Erano gli anni '80 quando Del Castillo entra per la prima volta nello studio della Battaglia, un amico sapeva della sua passione di giovane fotografo (aveva 19 anni e si era appena diplomato al liceo Umberto): «Non c’erano grossissimi riferimenti - racconta Luciano -, nonostante in Sicilia ci fossero grandi fotografi. Avevo ereditato la passione per la macchina fotografica da mia nonna, Maria Barichevich, che era una viaggiatrice di origine istriana».
L'allievo cominciò dalla camera oscura e dalla cronaca spicciola, ma durò poco, a Palermo erano gli anni della guerra di mafia e nel 1982 Letizia Battaglia lo lanciò sulla cronaca nera. «Lei ha saputo dare a questo mestiere una unitarietà, era una donna molto forte, capace, spinta da una grande forza interiore. A volte un po’ rude, come spesso accade per personalità di quel calibro. E la sua capacità fu proprio riuscire a dare a Palermo un racconto omogeneo su ciò che stava accadendo in quegli anni». Cuore e istinto, al di là della tecnica. Le regole principali che un cronista impara per strada.
«Con lei non si parlava di tecnica - continua -. Quello che mi ha passato è stata una passione, anche una passione sociale. Nel corso degli anni ho fatto diversissime cose ma ho sempre portato dentro di me anche quella onestà intellettuale».
E poi ci sono i ricordi: «Una volta vidi una sua foto bellissima che aveva scattato al Borgo Vecchio ad una bambina, in una abitazione modesta con delle luci molto difficili, le chiesi come aveva fatto e lei rispose candidamente: "E chi saccio io". Ho pensato che fosse gelosa del suo lavoro, poi mi resi conto che invece non se la tirava affatto. Per lei era naturale».
Del Castillo è rimasto con lei un paio di anni, ma l'amicizia non si è mai interrotta: «Quando ci vedevamo, mi chiedeva sempre se ero fidanzato. Era curiosa anche degli aspetti personali degli altri».

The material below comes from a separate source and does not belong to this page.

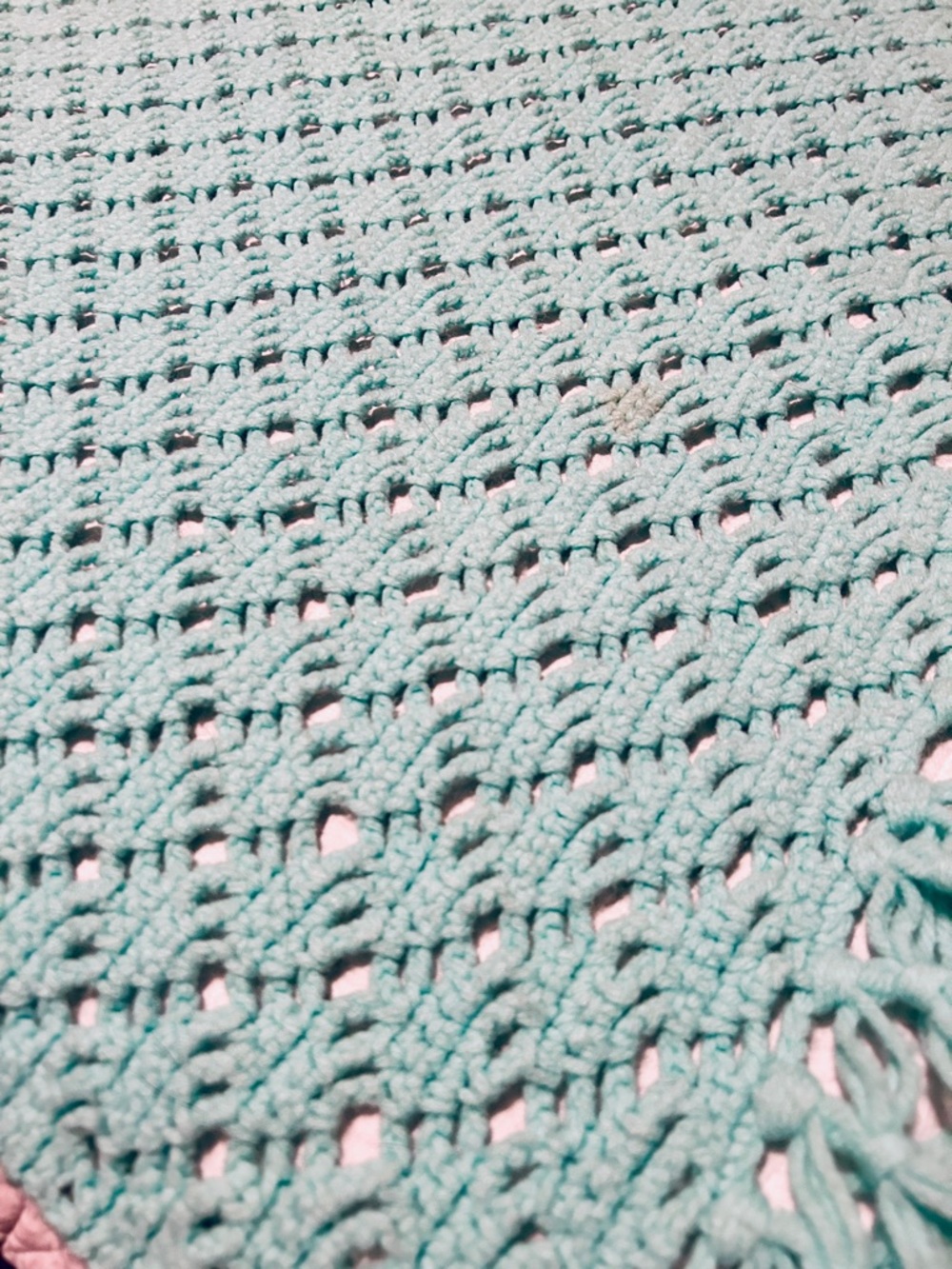 Handmade Teal Crochet Throw Blanket Afghan with Fringe - Picture 3 of 5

«Palermo perde un grande punto di riferimento, lei è riuscita a fare aprire il centro di fotografia internazionale. Con lei avevo conosciuto grande personaggi, che frequentavano la sua casa: rilanciava idee e cultura, con la sua caparbietà. La sua morte mi lascia dentro tante cose, riflettevo su quanto di lei mi sia rimasto. È stato un privilegio poterle stare accanto. Era rimasta una persona umile ma determinata che spesso veniva scambiata per arroganza, invece è capacità di capire e voler andare per la tua strada».